Cardassia and Bajor both seem to be relatively close to Earth--about a week away at maximum warp perhaps--but they could still be considered on the Federation's frontier if that particular border butted up against Cardassian space.
Similarly, Jouret in "BoBW" was claimed to be one of the UFP's outermost colonies, yet a mere week's flight away from Earth at most. Quite possibly Jouret in turn was butted up against Romulan space, defining another nearby frontier.

Picard mentioned reading about ancient Bajorans when he was much, much younger.
One wonders if this was "common knowledge", indicating the Bajorans had had an interstellar presence for a long time, or a tidbit known only to those of the archaeological persuasion...

Apparently, if we take Picard literally Bajor had a city culture half a million years before Earth had one. But Bajorans are also extremely conservative and seem to avoid expansion and exploration - even after those half a million years of "culture", there are still corners on their world they haven't bothered to explore, mountains they haven't surveyed. Perhaps Bajor never ventured to space nor made a name before Cardassia came and picked the ripe fruit? That way, there would have been relatively little interstellar outrage, because interstellar empires are probably annexing "primitive" cultures left and right all the time. The UFP supposedly does that, too; at least they tried to woo many apparent non-starflight cultures in TOS and TAS to some sort of an alliance.

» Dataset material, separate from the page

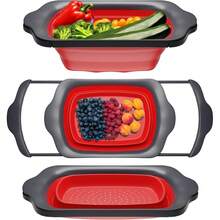 XL Large Kitchen Strainer By  - Collapsible  Over-The-Sink Colander With Extendable Handles - Use With Pasta, Fruit, Berries & Veggie - 6 Quart - Red - Xám - Xem 2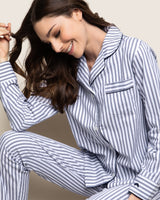 Women's Twill Pajama Set in Navy French Ticking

For all we know, Bajor was well within the Cardassian sphere (or non-sphere) of influence back in the days of ENT already. It just wasn't conquered yet, merely englobed. We don't know how long Cardassia has been starfaring, but half a thousand years prior to Earth's entry to the warp club wouldn't sound out of place. After all, we already have to accept that Klingons and Vulcans preceded us to the stars by at least that much. And we further have to accept they didn't conquer or otherwise annex the primitive Earth at that time yet.

Timo Saloniemi
 
Wasn´t it stated somewhere that the Cardassians had developed Warp-drive in 1935 or something like this?

TerokNor
 
The Cardassians had to have warp earlier--at least 100 years earlier. Tret Akleen was born on a colony and he was considered the father of the modern Union (and according to Gul Dukat the Union in current form existed for 500 years, so it was established in 19th century). I assume that he didn't arrive to Cardassia from that colony on a sub-warp spaceship (even if that colony had been established by people who arrived there in a pre-warp time, and I don't think they did).
 
OTOH, Tret Akleen is a noncanonical detail of Cardassian history; perhaps the Union was "in reality" founded before Cardassia had interstellar holdings, with or without warp?

It's equally possible, though, that even the old Hebitians had warp drive, and simply didn't use it for evil, at least not much. Vulcan supposedly had to cut down on its interstellar ambitions after Surak's war distressed the planet; the same might have happened to Cardassia as the result of the events that impoverished the perhaps once mighty and interstellar Hebitian culture.

Timo Saloniemi
 
It was in deleted scenes, so I'm not sure if it counts as a canon or not.

I don't recall seeing 1935 as the date of achieving warp by the Cardassians at all. Maybe it was in Treklit.
 
Unless the bit is restored for some future edition of "Tears of the Prophets", it shouldn't count as being part of the Trek universe. Many cuts are made because there's not enough time to feature them; others are made because the material is considered unwelcome. We don't know which would have applied in this case...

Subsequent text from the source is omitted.